LA, Merrill, NBA, and yours truly

We flew out to Los Angeles last weekend for a wedding party. I had assumed that any motel in Marina del Rey would offer a stunning view of the ocean: instead we were trapped in a mile-long, modular strip mall, with a shuttered Thai restaurant to the left and a rapidly sinking Tower Records to the right. Sigh. Luckily the Pacific was nearby, looking more blue and benign than the violence-prone Atlantic. More to the point, there was premium outlet mall only 50 miles away, and Nina was determined to go shopping. I put up the usual sputtering protest, then climbed into the rental car.

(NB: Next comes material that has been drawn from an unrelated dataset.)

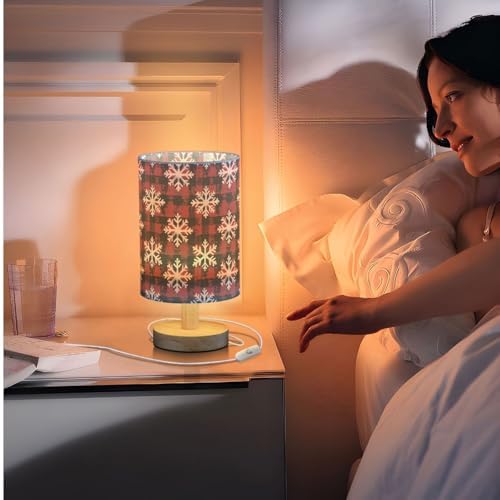 Xmas Snowflake on Red Black Buffalo Grid Bedside Table Lamps with USB Port for Bedroom Lamp Accent Table Lamp Small Nightstand Lamp Linen Shade Decorative Lamps for Home|Room|Dorm|Holiday|Winter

On the way to the mall, driving though dun-colored hills that looked exactly (as Nina pointed out) like kneeling camels, we did listen to the CD I had bought at Tower: Celso Fonseca's Rive Gauche Rio, which the bankrupt chain was unloading for a mere $5.09. Fonseca reminds me just a little of my idol Vinicius Cantuaria, but he's more of traditionalist, with a higher, feathery voice that suggests Caetano Veloso. I liked it. It's not ideal listening in a noisy rental car--in fact, the acoustics of the Chevy Cobalt might have been specifically designed to erase all the murmuring subtleties of a neo-bossa CD like this--but it certainly eased the trip to the mall. Once we got there, Nina made a quick reconnaissance of the beloved brand names and began popping in and out of stores. I was shocked and pleased to find a bookseller. Even better: they were selling a mint copy of James Merrill's Collected Prose for a pittance. I took my prize outside and read in the afternoon sun until Nina showed up with a very reasonably priced skirt.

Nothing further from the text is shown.